■ WHAT THE TASK ASKS:
Please transcribe the data below exactly. Leave the pictures out.

----------------------------------------

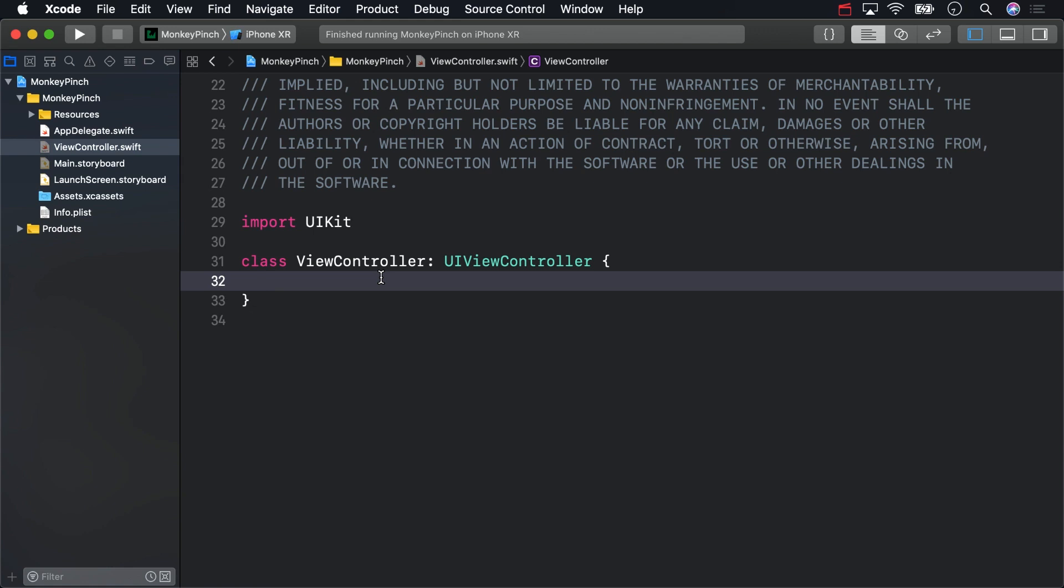In viewController.swift, add an IB action named handlePan, which accepts a UIPanGestureRecognizer.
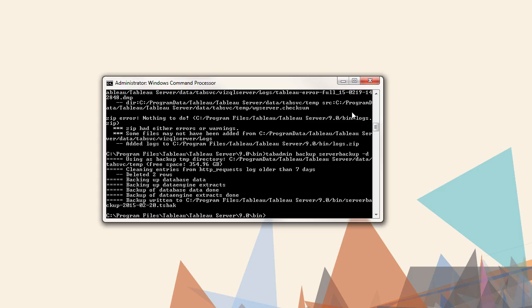This backup will reside in the bin directory of Tableau server, but it is recommended to copy it to another location.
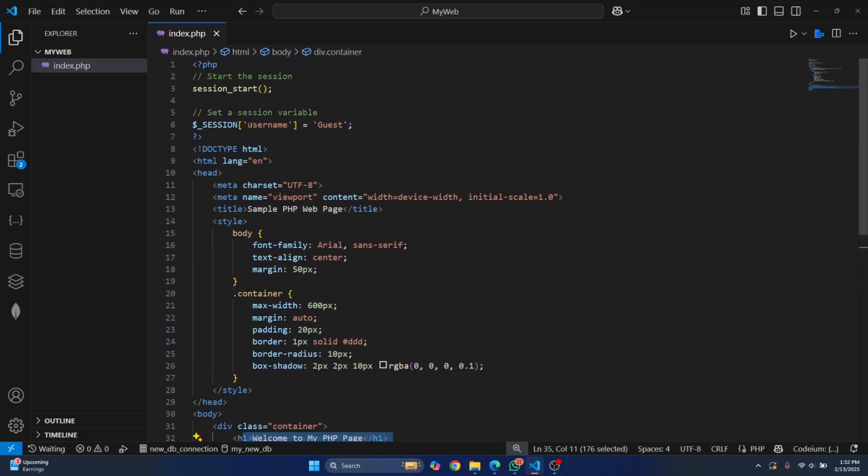So let's see how we can run this. I am in Visual Studio Code. So I have created this file inside Visual Studio Code.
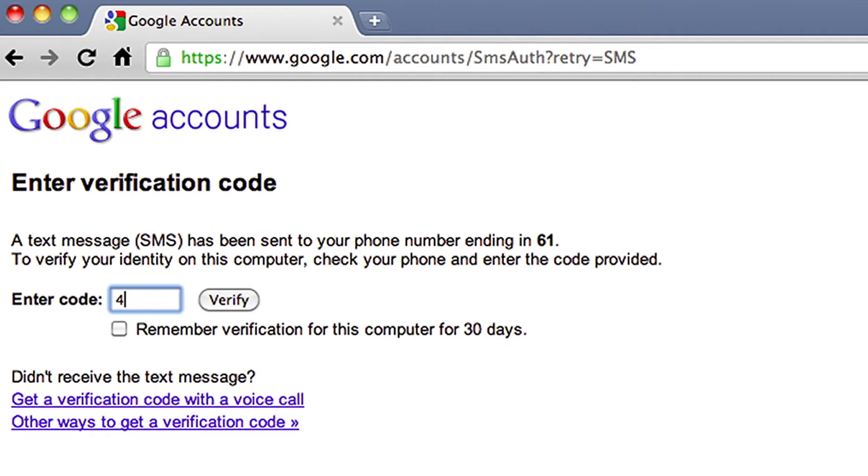If you're an Android, BlackBerry, or iPhone user, you can also choose to generate a code on your phone using the Google Authenticator app. Enter the code from your phone.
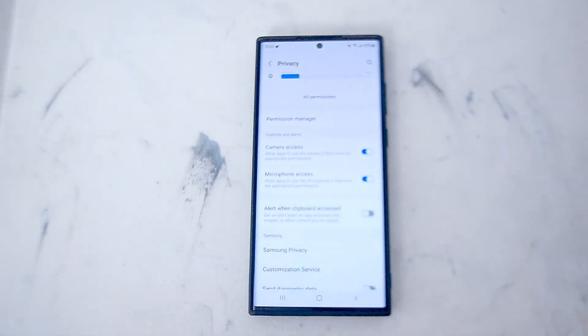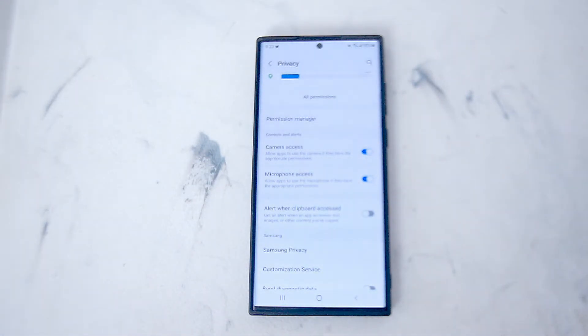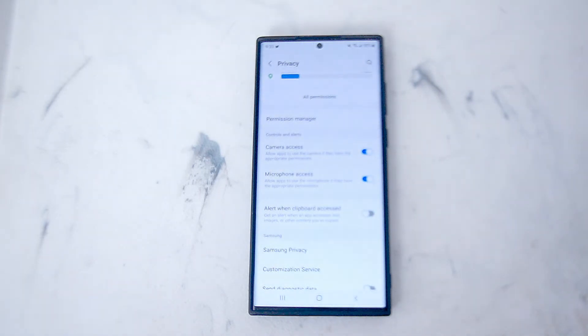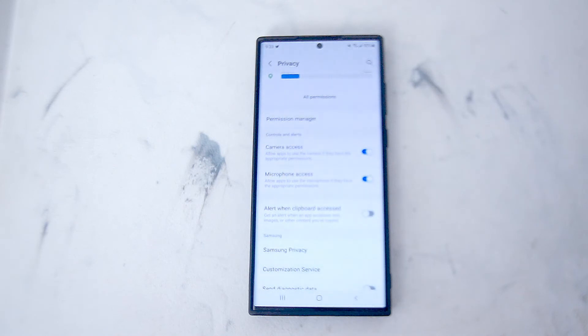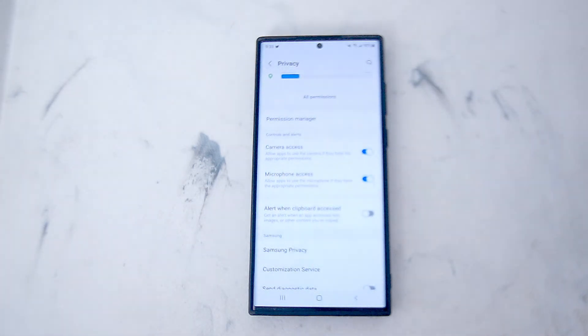So there you have it everyone, just a quick tip on how to enable or disable microphone access for apps on Samsung S22. If you like this kind of content, leave a message down below, don't forget to subscribe, and thanks for watching.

----------------------------------------

■ SOLVED EXERCISE:
In viewController.swift, add an IB action named handlePan, which accepts a UIPanGestureRecognizer.
This backup will reside in the bin directory of Tableau server, but it is recommended to copy it to another location.
So let's see how we can run this. I am in Visual Studio Code. So I have created this file inside Visual Studio Code.
If you're an Android, BlackBerry, or iPhone user, you can also choose to generate a code on your phone using the Google Authenticator app. Enter the code from your phone.
So there you have it everyone, just a quick tip on how to enable or disable microphone access for apps on Samsung S22. If you like this kind of content, leave a message down below, don't forget to subscribe, and thanks for watching.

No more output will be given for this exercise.